You picked a bad night to stay in. ____ caught her hair on fire in ____'s birthday cake.
She had to stop drop and roll while two other girls beat the flames out. She might have a black eye
I am currently trying to use a tide to go pen to remove the jizz from my backseat, it's not working...
i said send nudes i get bra and panties. thats not what i fucking asked for.
YOU CAN RENT MIDGETS ON CRAIGS LIST
I told you not to ruin your birthday surprise!
We'll cross that bridge when we come to it... Or burn it. Either way we'll deal with it later
There I was staring at a teeny weeny black one and a huge white one. It was like an episode of Myth Busters
I just imagined your drunkass eating Taco Bell in my living room. This is the Godmother of my potential child.

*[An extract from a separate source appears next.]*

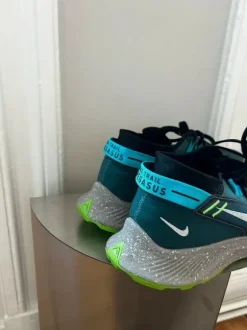 Nike Pegasus Trail 2 Größe 44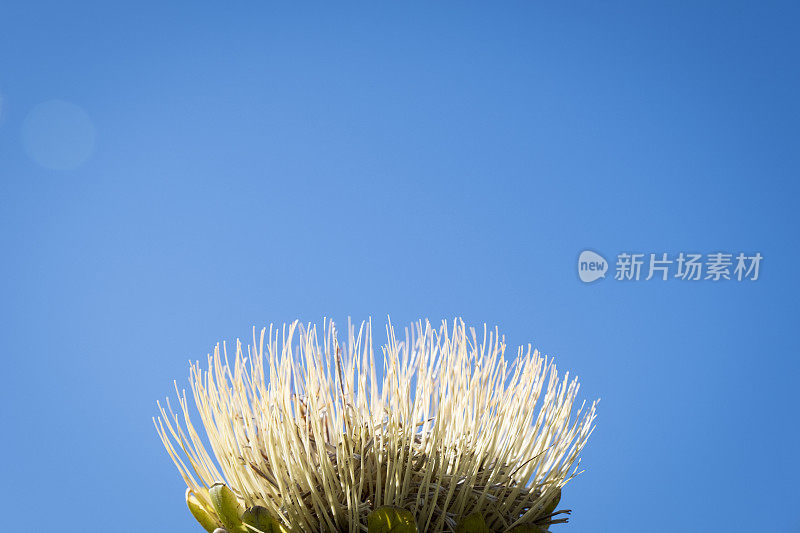 蓝天下孤立的protea植物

well at that point we were just fucking to keep warm.
I'm sorry but that single bed couldn't hold all five of us, especially with those boobs.
I had to feed him the pizza because he was too blazed to do it himself
I bet, I woke up to you like naked at 4 in the morning shoving a sandwich in your face
My heart says buy the granny panties, but my vagina says don't throw in the towel yet.
I NEED A MOM FRIEND. NOW.
This woman at the blackjack table is sitting on a pile of newspaper so she can pee at her seat and never miss a hand.
I should have robbed the cradle years ago. Turns out 21 year old boys can cum and still fuck me silly a minute later. My vagina feels like it just won a car from Oprah!